Certes, pour paraphraser Pierre Desproges, la compagnie d'un terroriste pratiquant me met rarement en joie. Mais faut-il toujours s'arc-bouter sur le passé pour construire l'avenir ?

Les déclarations de la resplendissante Rama Yade au matin de la venue du Chef d'Etat Libyen ont été prises comme un coup de semonce dans l'harmonie gouvernementale. Je les vois surtout comme un numéro de cirque : l'un fait les courbettes officielles et protocolaires (le Président), tandis que sa spécialiste (Secrétaire d'Etat aux Droits de l'Homme) met les points sur les "i" : "La France n’est pas un paillasson sur lequel un dirigeant peut venir s’essuyer les pieds du sang de ses forfaits". C'est dit - et bien dit - et sans doute l'apparence des choses est-elle sauve, nul ne pourra ignorer qu'un membre du gouvernement a pleinement pris conscience de la portée de cette visite en France.

En premier lieu, je ne pense pas que les déclarations de Rama Yade puissent avoir une quelconque influence sur la politique intérieure libyenne, et la seule véritable traduction de ces pensées pour avoir de l'effet ne peut passer que par des sanctions politiques et économiques internationales. Or la réalité internationale en est à l'opposé : Khadafi rentre dans le rang, et malgré son passé houleux, se place désormais dans les files des nations fréquentables. Les sanctions ont été levées, et c'est l'intégration au sein du Cartel des Nations qui est l'avenir.

Evidemment, l'opposition, dans son rôle de posture, a martelé l'affront fait aux Droits de l'Homme qu'occasionne cette visite, et qu'en marchandant avec ce tyran, nous bafouons nous-mêmes notre conception de nos libertés, et que le chef de l'état pousse même le cynisme jusqu'à essuyer d'un revers de la main les atrocités du passé pour des milliards d'Euros.

Voilà encore et toujours la problématique socialiste : les milliards d'euros. Et la cause du rejet : le passé.

Goethe disait : Celui qui n'a pas appris la leçon de 3000 ans d'histoire vit au jour le jour.

Inscrivons-nous dans une perspective plus grande que la longueur d'une législature. Faut-il toujours que nous soyons dans une logique d'affrontement avec nos ennemis passés ? Nous serions-nous réconciliés avec les allemands, avec les anglais ? Faut-il toujours que les générations perpétuent les affrontements de leurs aïeux au point que ceux qui s'affrontent encore n'en ont même pas été les acteurs ? La rancune est-elle un moteur d'avenir ? Les victimes des attentats attribués à l'Etat Libyen réclament un devoir de mémoire, et, dans leur logique, cette visite est pour elles une blessure, on les comprend.
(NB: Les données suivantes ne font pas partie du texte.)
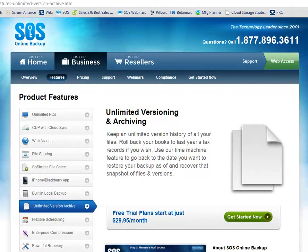In today's video tutorial, we're going to look at SOS's technology for unlimited versioning and archiving. This is a very powerful feature of the SOS Online Backup System that lets you keep an unlimited version history of all your files. You can roll back your books to last year's tax records if you wish, and use our time machine feature to go back to the date you want to restore your files from, allowing you to manage hundreds of thousands of individual versions of particular files retained in our cloud.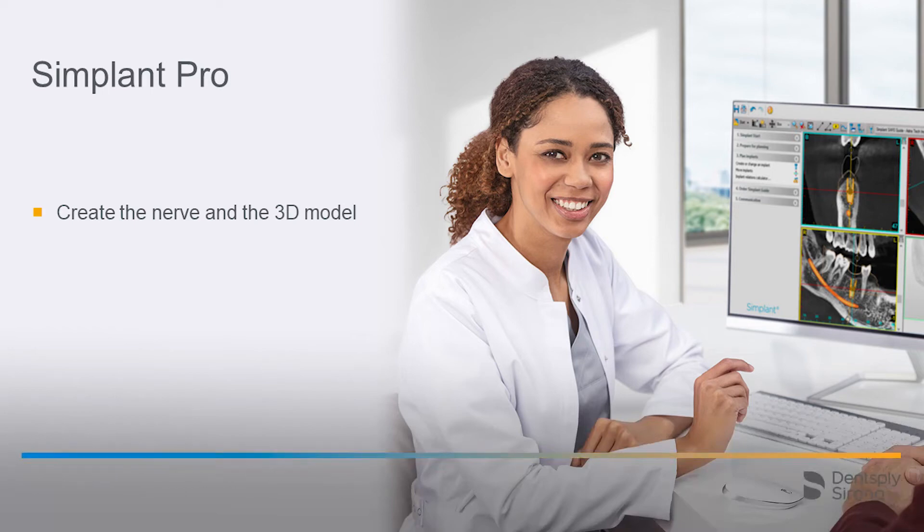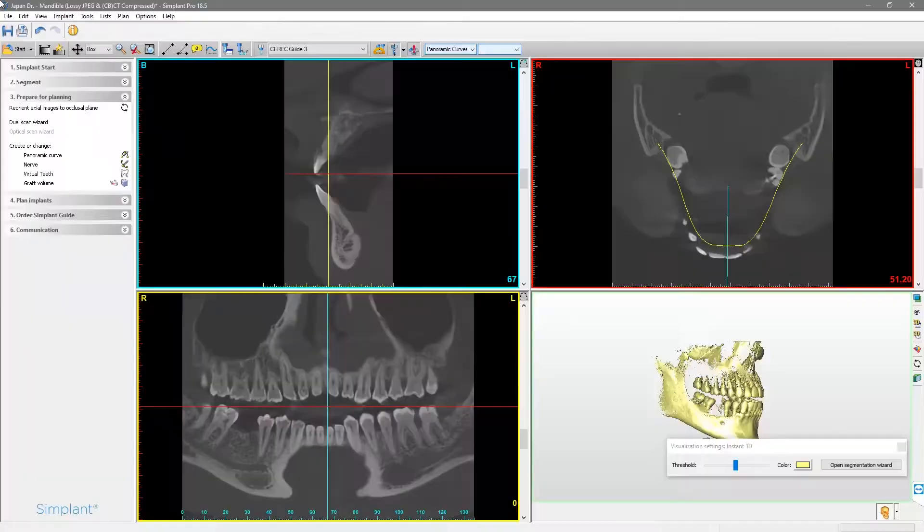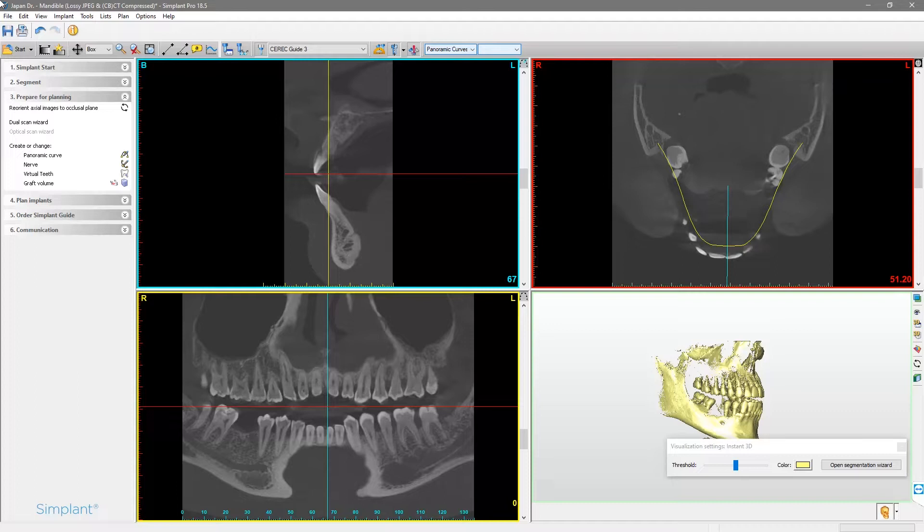Welcome to this video tutorial on the topic of Simplant Pro. If you are planning a case in the mandibular, you will need to trace the nerve on the treatment side. The software will automatically warn you when you plan an implant too close to the nerve.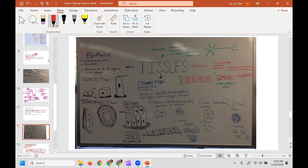To determine how many layers a tissue has, always look for the basement membrane — which anchors the cell — and the free surface at the top. From the basement membrane upward, count the layers. A single thin flat cell would be simple squamous. When height equals width, that's simple cuboidal.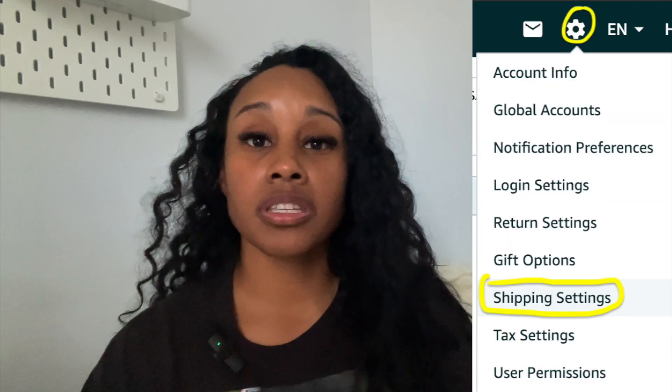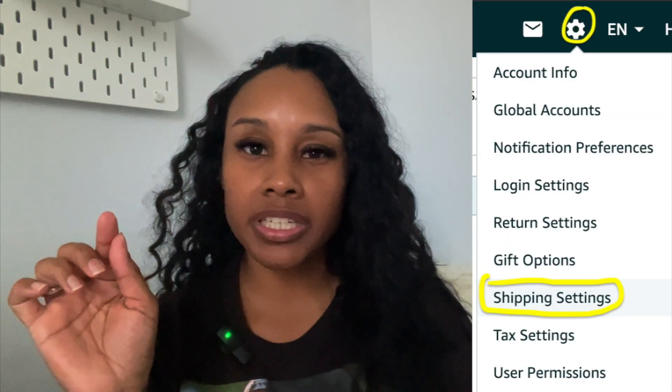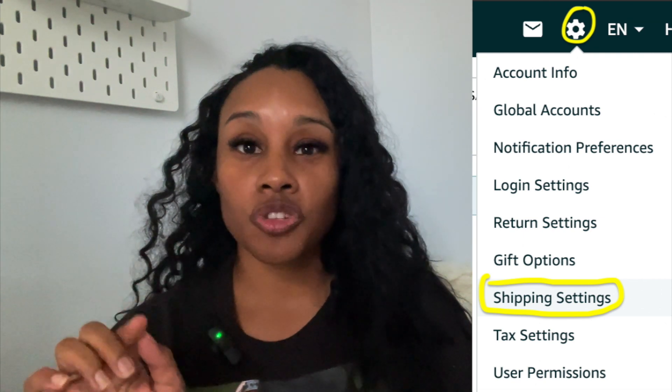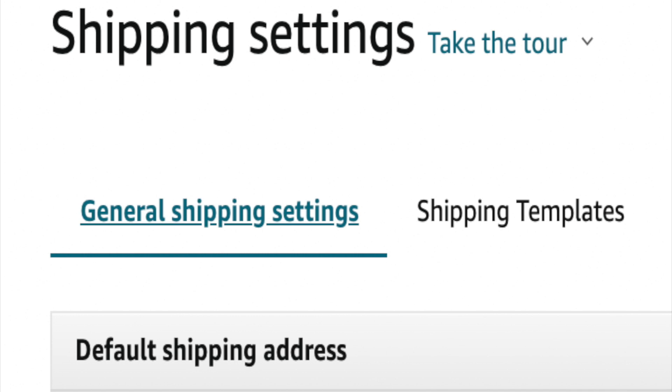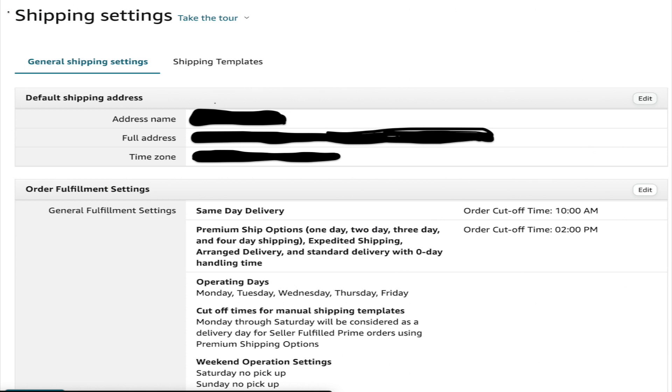All you have to do is log into your Amazon Seller Central account, go to the top right where the little wheel is, and then scroll down to where it says shipping settings. It's going to take you to your shipping templates, but you're going to select the option next to it where it says general shipping settings. From there, hit edit and enter all your new information. Once you save that, your next order is going to come up with your business name — or whatever you changed it to — and the address, whatever you changed it to.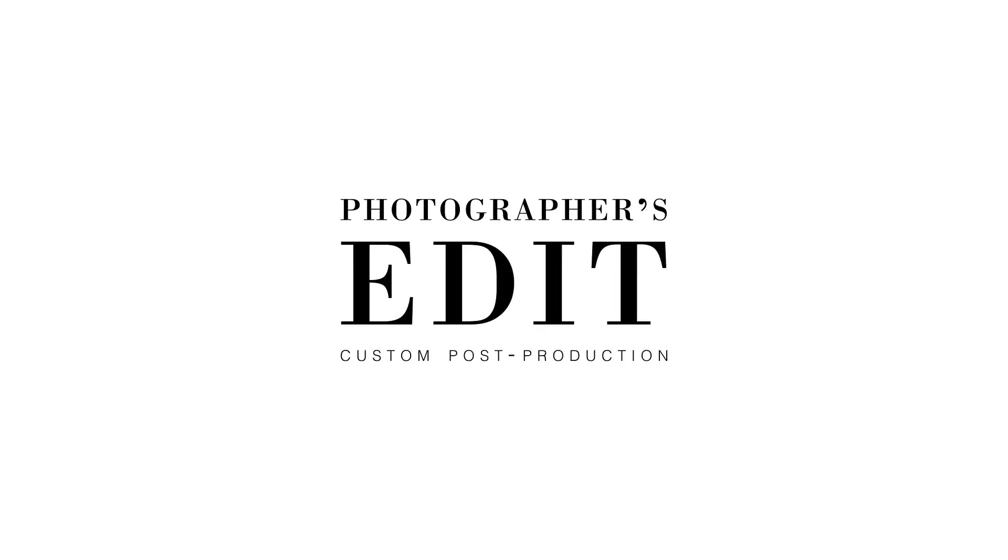Welcome to Photographer's Edit, custom processing for the wedding and portrait photographer. Let's get you more familiar with our system.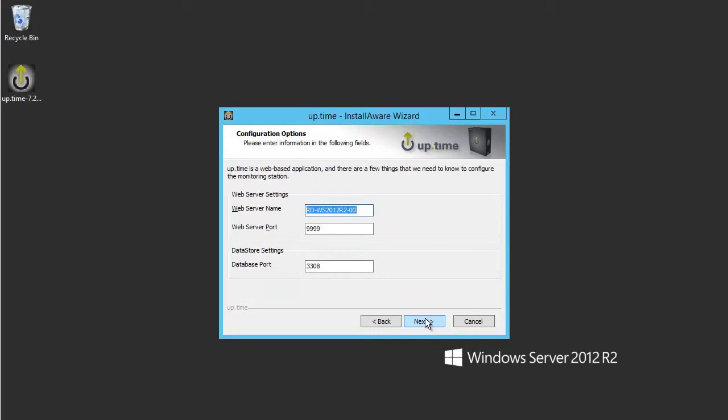On the next page, we will configure which ports Uptime will listen on. You can safely leave these as defaults unless a port is already in use on your server.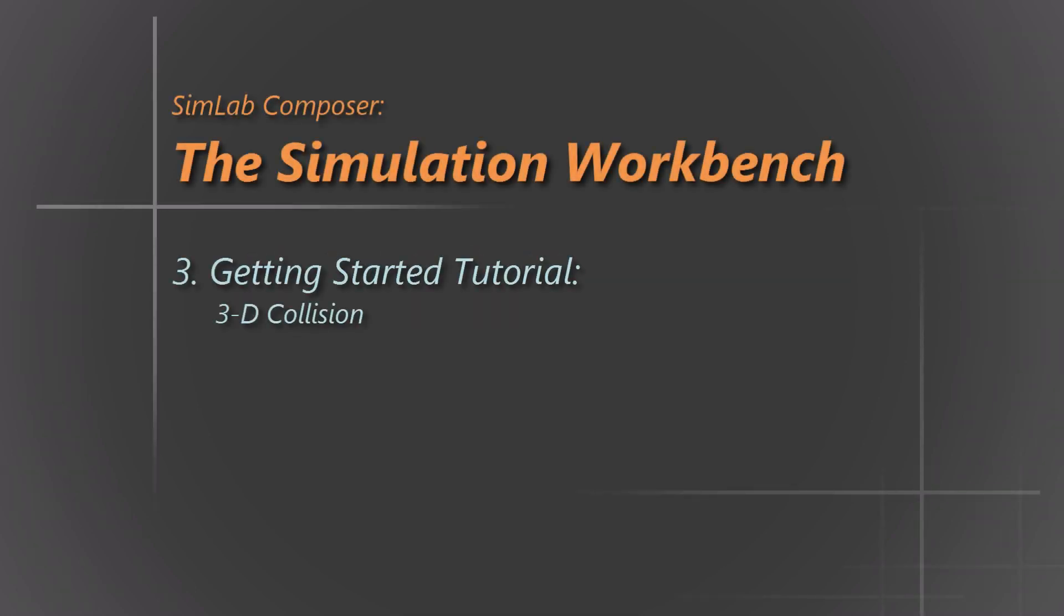Hello and welcome to another video tutorial about working with the simulation workbench. In this tutorial, I am going to show how to run collision-based simulations.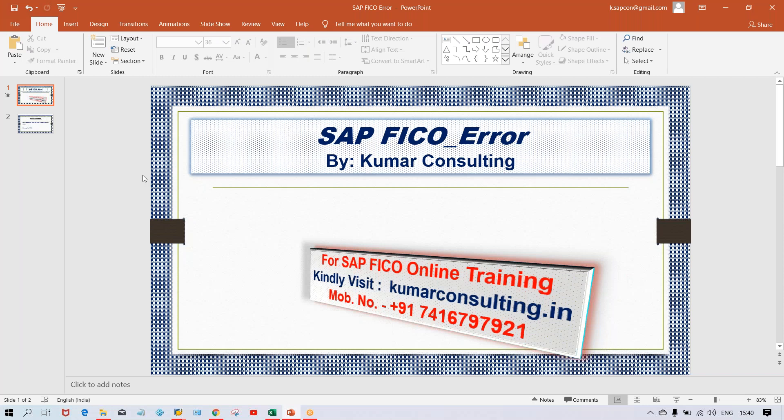Hello guys, welcome to Kumar Consulting. In this session I'm going to explain the solution to an error that has taken place. I have received this screenshot from one of my students.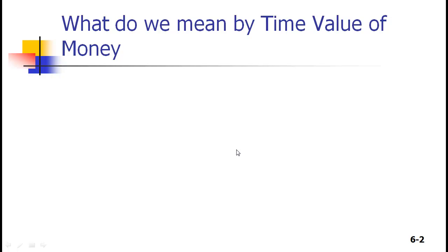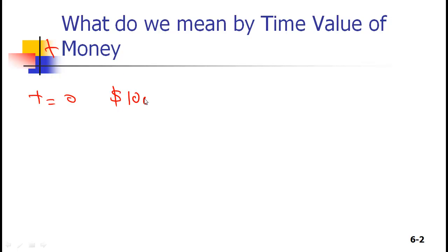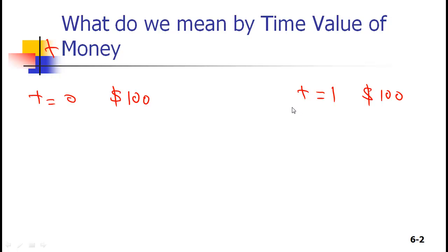What does time value of money mean intuitively? If I tell you that right now at time t=0 I give you $100, or if one year later at t=1 I give you $100, what do you prefer? You prefer $100 right now. So even though it's $100 today and $100 one year later, there is some value associated with time — having money now is better.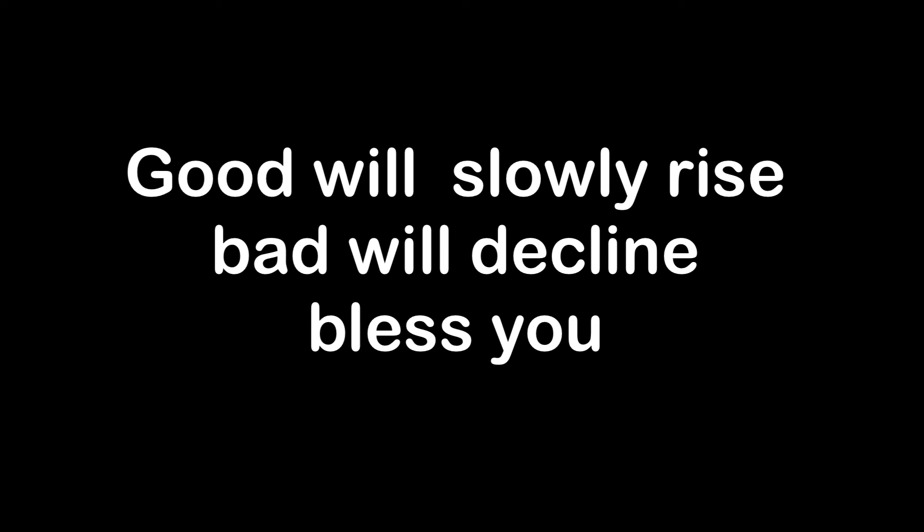Good will slowly rise, bad will decline, bless you.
Mais faut-il sacrifier le destin des nations à la souffrance de 300 familles ? Selon l'opposition, il ne faudrait pas négocier avec la Libye au nom des attentats commis il y a 20 ans, il ne faut pas aller en Chine pour ne pas soutenir le régime, il ne faut pas aller serrer la main de George Bush au nom de la guerre en Irak, il faut fermer la porte à Poutine pour ne pas cautionner les atteintes à la démocratie. On ne parlerait plus à grand monde si on les suivait, et la France se trouverait bien isolée dans sa vertu, tandis que nos concurrents remporteraient les marchés que nous allons conclure là-bas. Les grands principes, c'est beau, mais ça ne nourrit pas les peuples.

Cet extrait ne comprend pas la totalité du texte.